··· Collected data ···

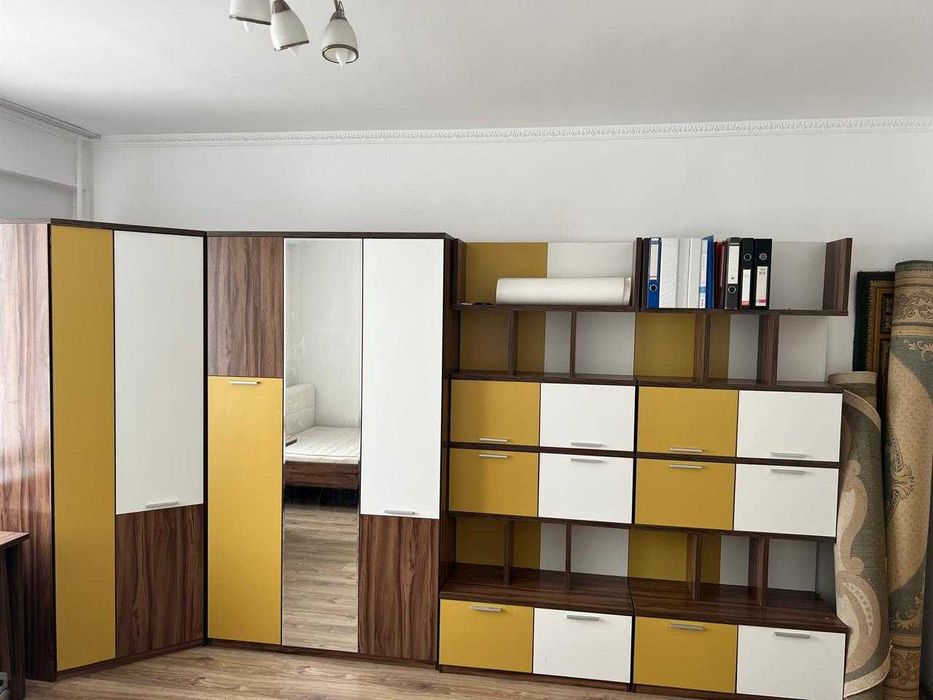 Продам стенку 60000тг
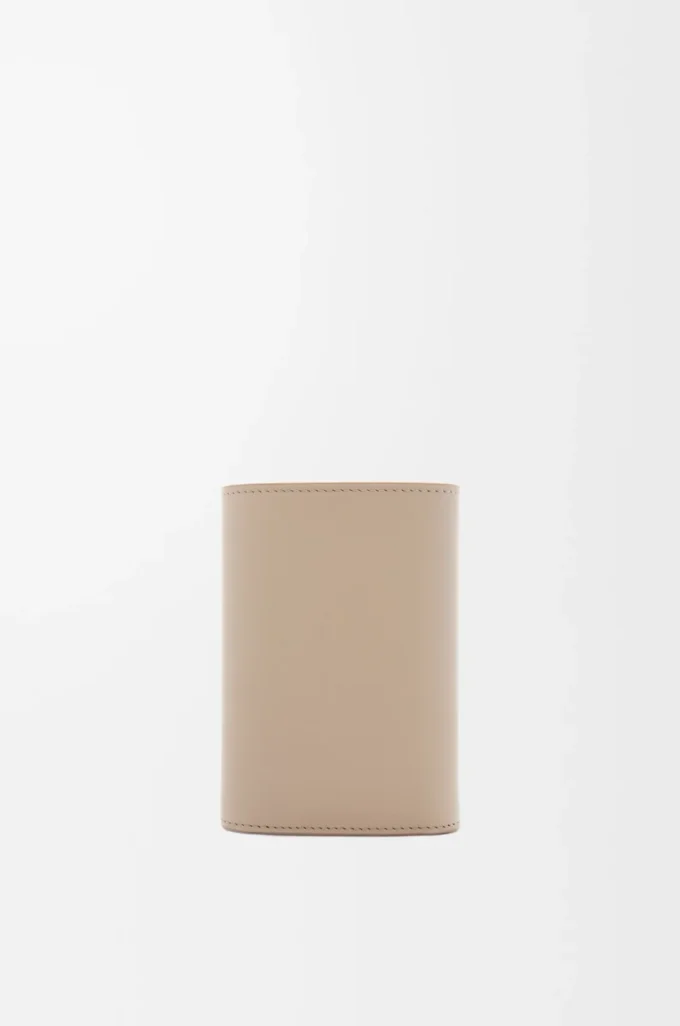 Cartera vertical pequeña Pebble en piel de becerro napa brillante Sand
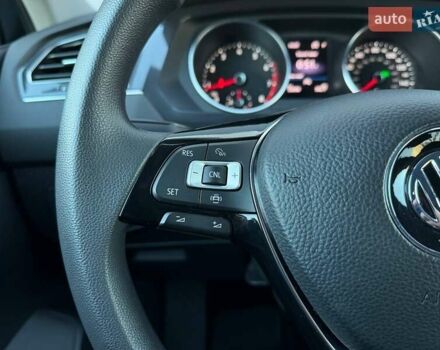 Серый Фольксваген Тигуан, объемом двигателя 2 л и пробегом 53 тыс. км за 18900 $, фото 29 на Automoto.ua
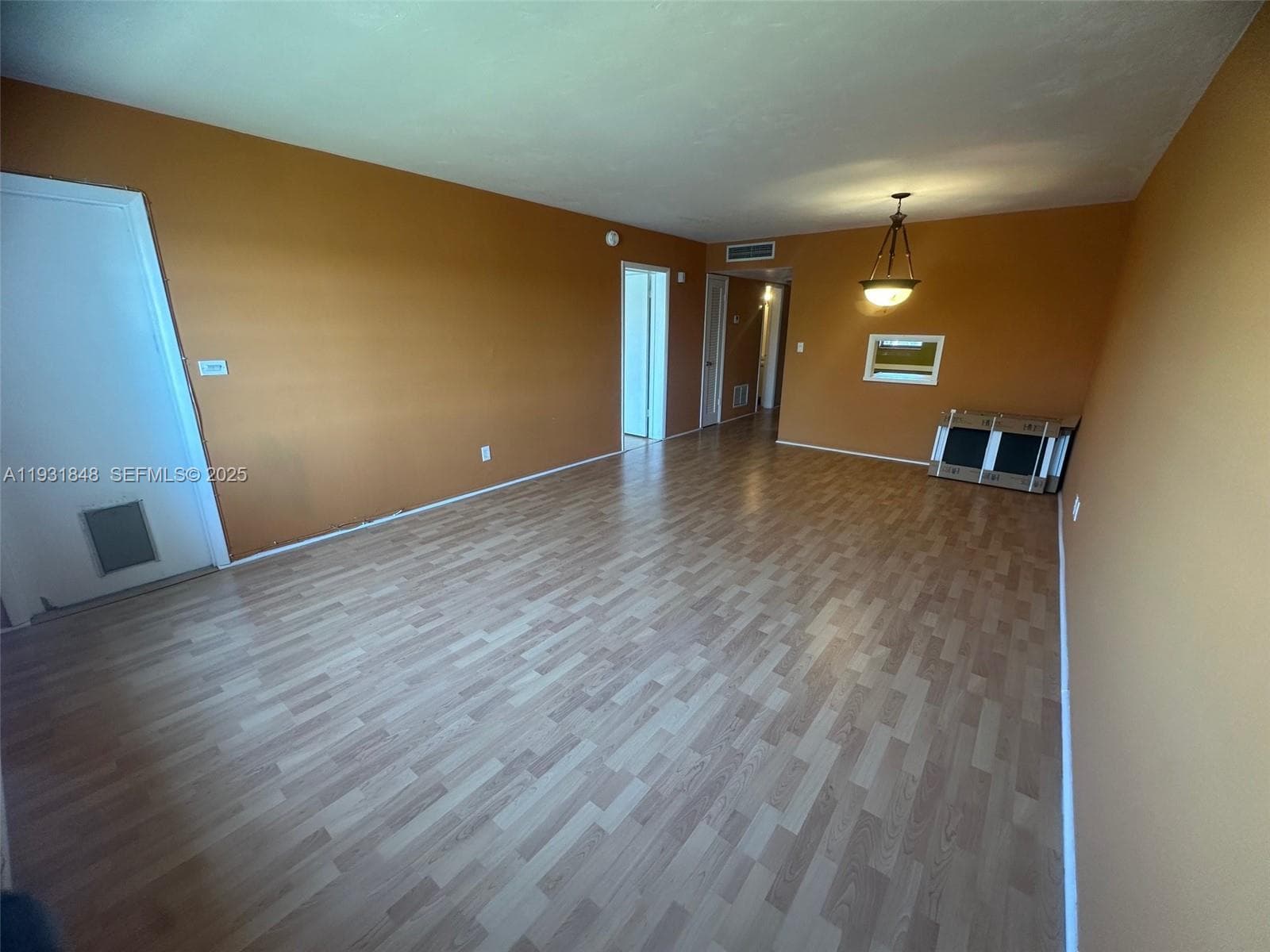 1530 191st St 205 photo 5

···

### Exercise goal
Pictures stay out of the answer; the rest of the listing above is returned exactly.

### Exercise response
 Продам стенку 60000тг
 Cartera vertical pequeña Pebble en piel de becerro napa brillante Sand
 Серый Фольксваген Тигуан, объемом двигателя 2 л и пробегом 53 тыс. км за 18900 $, фото 29 на Automoto.ua
 1530 191st St 205 photo 5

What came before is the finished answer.